O cheiro que surge das panelas colocadas no meio das tendas de rua, as roupas coloridas penduradas nos varais, as frutas tropicais que emergem nas montras, as inúmeras lojas de produtos capilares para cabelos crespos ou bandeiras da Jamaica hasteadas a cada passo são o retrato de uma comunidade cujo um quarto da população é de origem caribenha e a quem a palavra "coroação" nada diz.
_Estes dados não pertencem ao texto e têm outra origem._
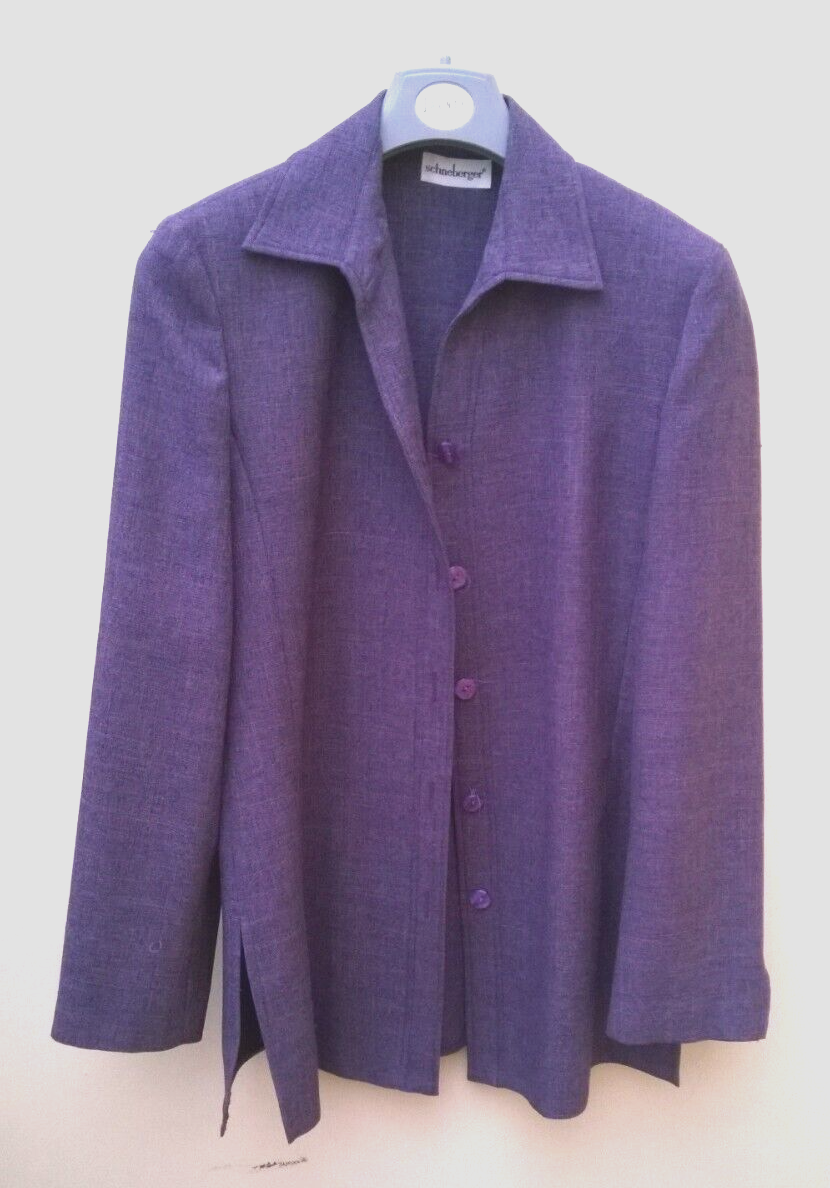 Schneberger Summer Jacket Heather Purple Button Fastening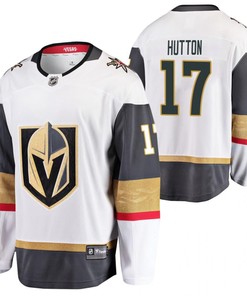 Men Vegas Golden Knights Ben Hutton 17 2023 Away Player White Jersey Jersey - Robokeg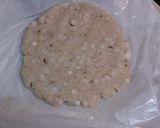 A picture of step 6 of Sabudana Thalipeeth.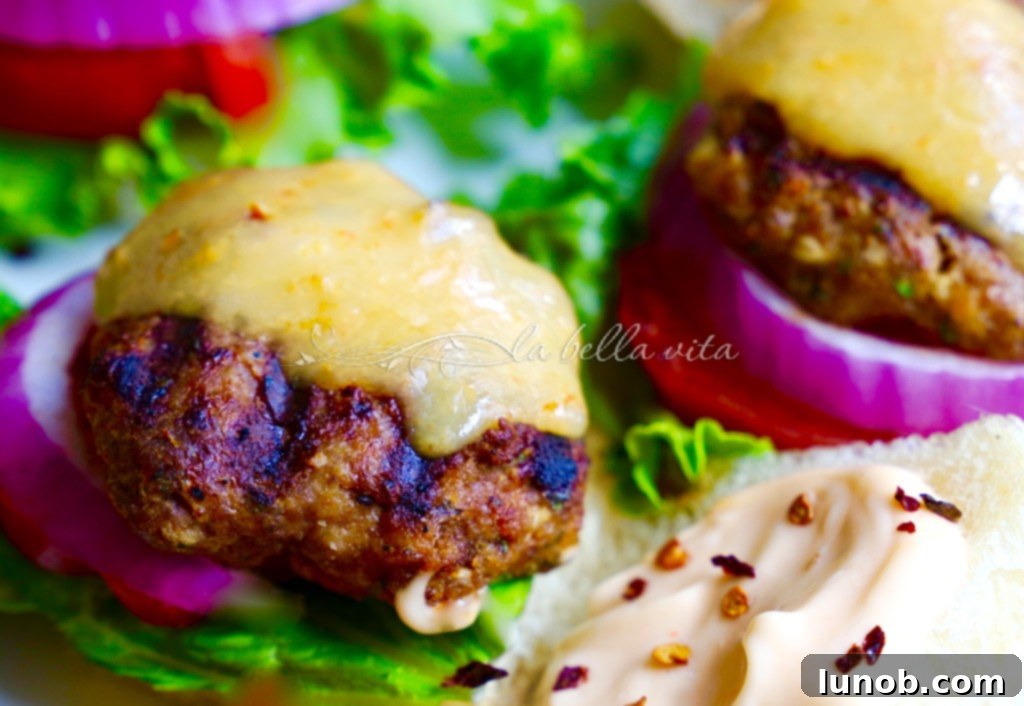 Jalapeno Cilantro Lime Turkey Burgers with Habanero Cheddar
Alheados do grande evento nacional, compenetram-se no caminho que têm pela frente e quando questionados sobre o novo rei apenas abanam a cabeça sem proferir qualquer apreciação.
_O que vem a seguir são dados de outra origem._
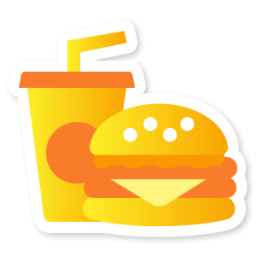 256x256 Mayor Fast Food Icon Swarm App Sticker Iconset Sonya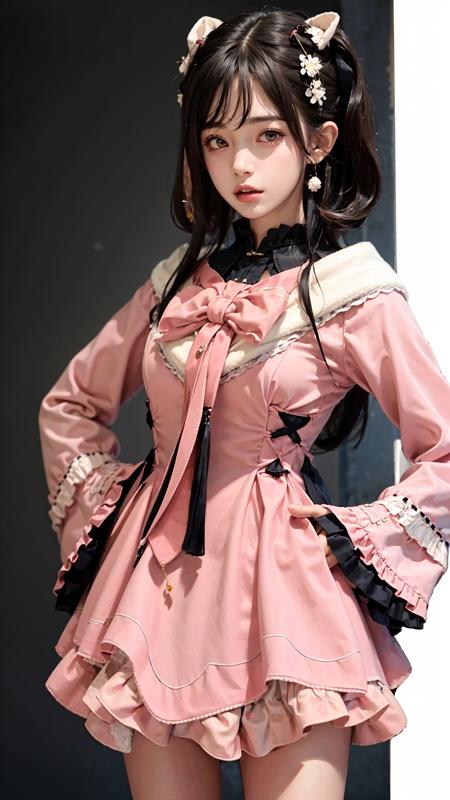 【卯华】Dress NO.21 Pink Dress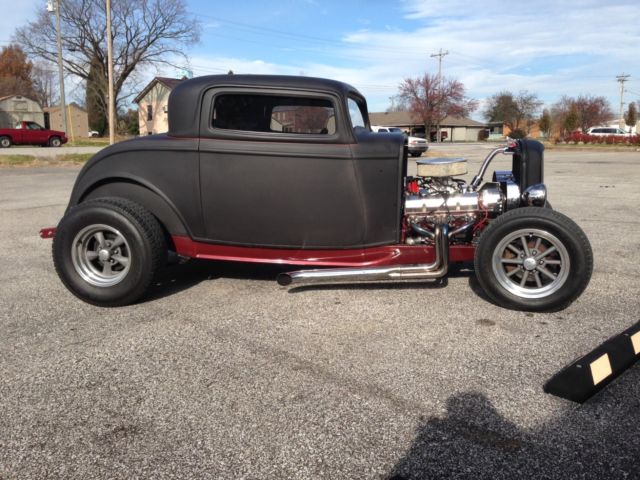 1932 Flat Black Ford 3W  Coupe Coupe
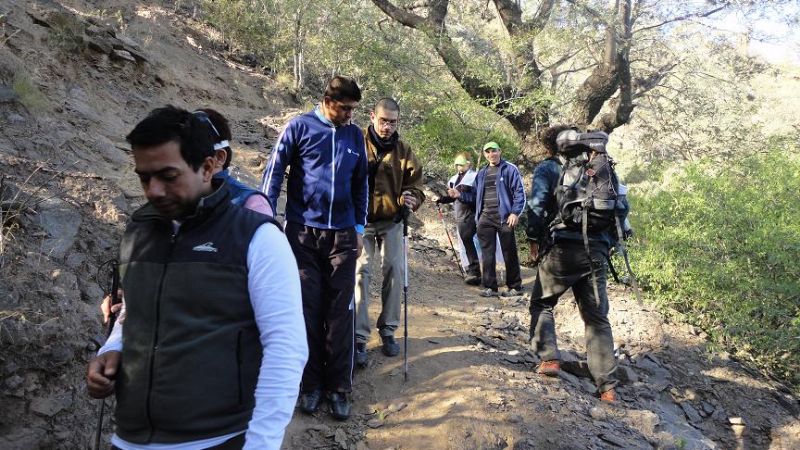 Caminata integradora en al Camping Municipal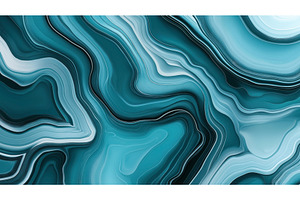 Abstract background featuring fluid, an Illustration by Sergey Kotenev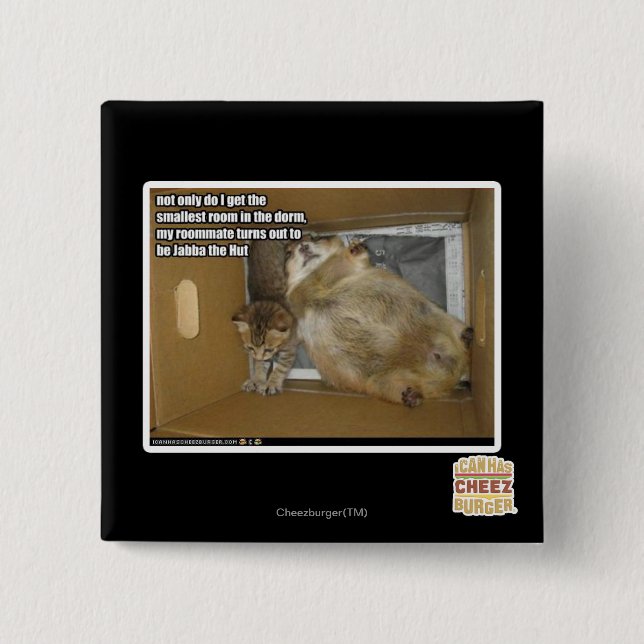 Fetter Zimmergenosse Button (Vorderseite)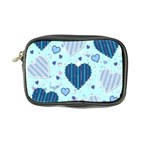 Light and Dark Blue Hearts Coin Purse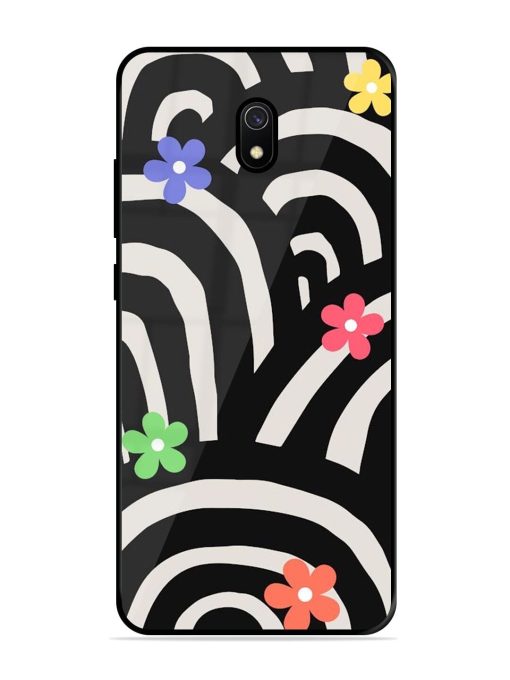 Rainbow Arcs Glossy Soft Edge Case for Xiaomi Redmi 8A Chachhi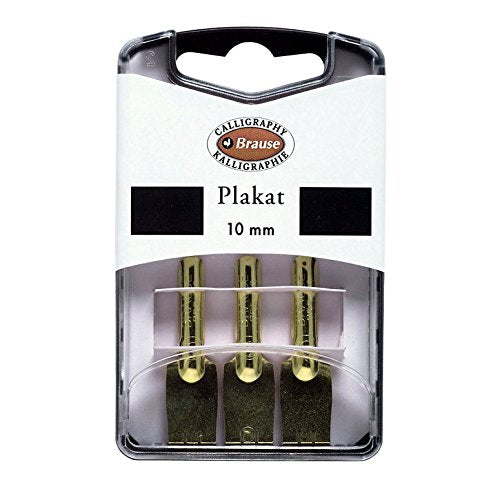 BRAUSE 3 Nibs Plakat Calligraphy Gold Plated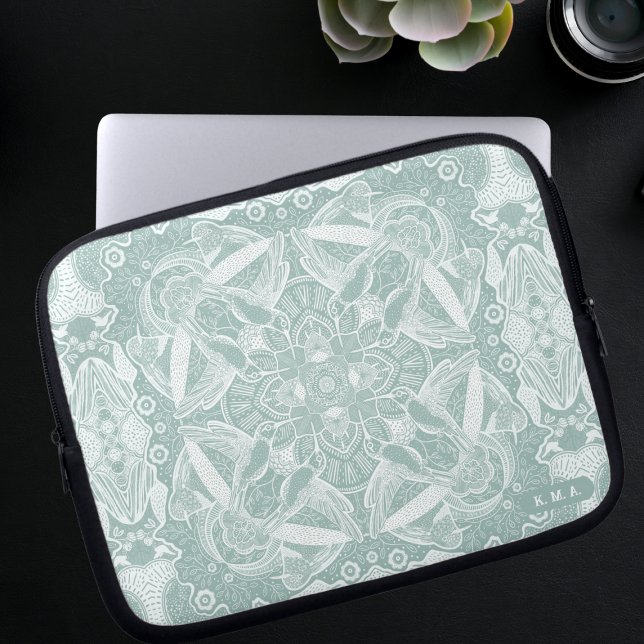 Hummingbird Mandala Laptop Fodral (Skapare uppladdad)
Na principal rua de Brixton, onde apenas os caraterísticos autocarros vermelhos e os edifícios de arquitetura vitoriana permitem não esquecer que se está em Londres, não há qualquer elemento decorativo alusivo aos festejos em honra de Carlos III, nem uma ou outra loja de artigos comemorativos da data. Surge apenas uma modesta banca, que começa a ser apetrechada com bandeiras, camisolas e chapéus com a imagem do monarca.
Súbdito solitário
O "súbdito britânico", que há 66 anos nasceu algures na Commonwealth, vive em Brixton há um quarto de século: "Adoro a família real". Mesmo sabendo que na zona há pouco ou mesmo ninguém que partilhe consigo o sentimento, não se deixa desmotivar e continua empenhado na missão que resolveu encabeçar. "O meu trabalho é vencer o meu povo. O rei merece uma oportunidade para ser apoiado", realça, sem ceder a dizer o próprio nome.
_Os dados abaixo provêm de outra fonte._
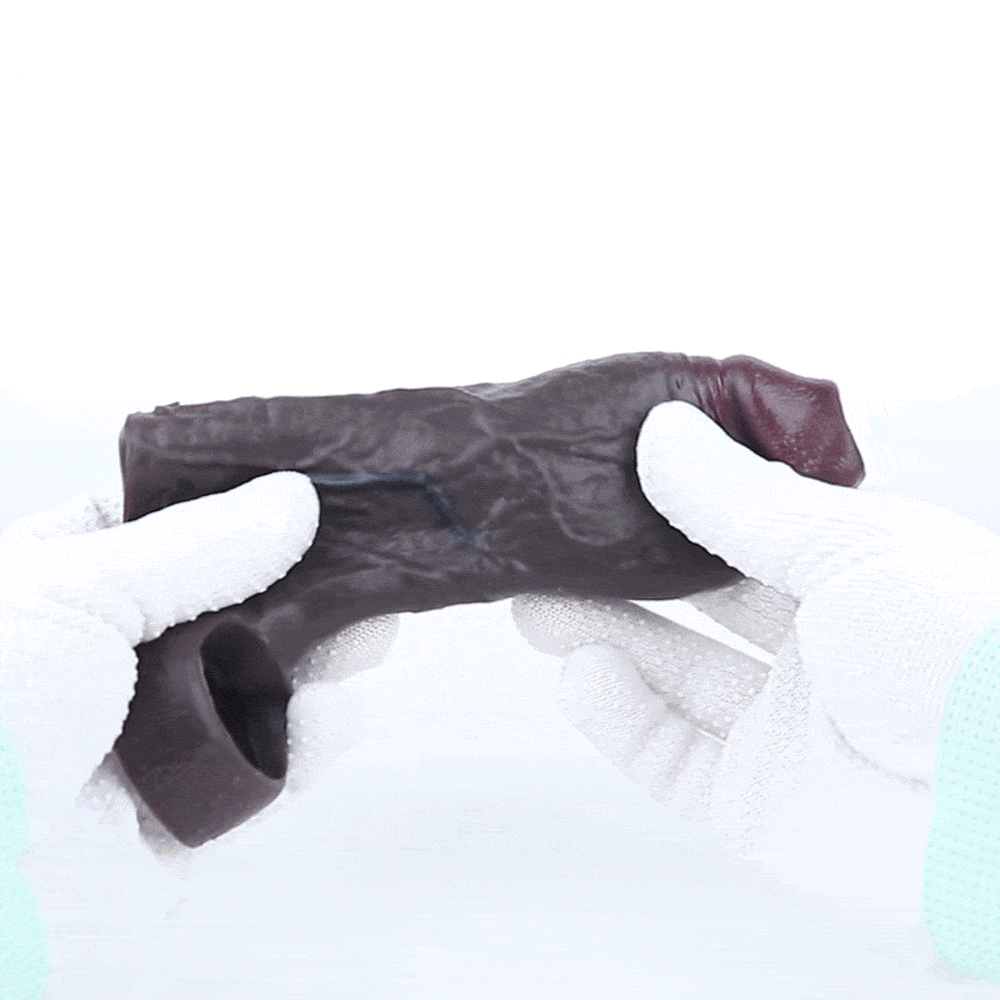 Obsidian Rift 👑 Open Crown Sleeve – Primal Textured Liquid Silicone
Desvaloriza as ligações da realeza à teia de escravatura nas colónias do Império Britânico e enfatiza que o Reino Unido "já distribuiu fundos por vários países que têm marcas pesadas". Com a mesma força com que defende a Coroa segura as bandeiras com as cores da Grã-Bretanha e tenta impressionar quem passa. Mas quem segue apressado não para na tentativa de negociar os preços dos souvenirs já vendidos a preço de saldo.
"Há dias melhores que outros", admite, na esperança de que da estação de metro, localizada a poucos metros do ponto de venda por si montado, saiam turistas ou curiosos que queiram ver o que expõe.
Quando as celebrações da coroação chegarem ao fim, o bairro de Brixton não notará diferenças na azáfama, já o vendedor incógnito volta à rotina com a venda de produtos mais procurados. Incenso e porta-chaves da Jamaica dão-lhe o sustento durante todo o ano e a chave do sucesso é para manter.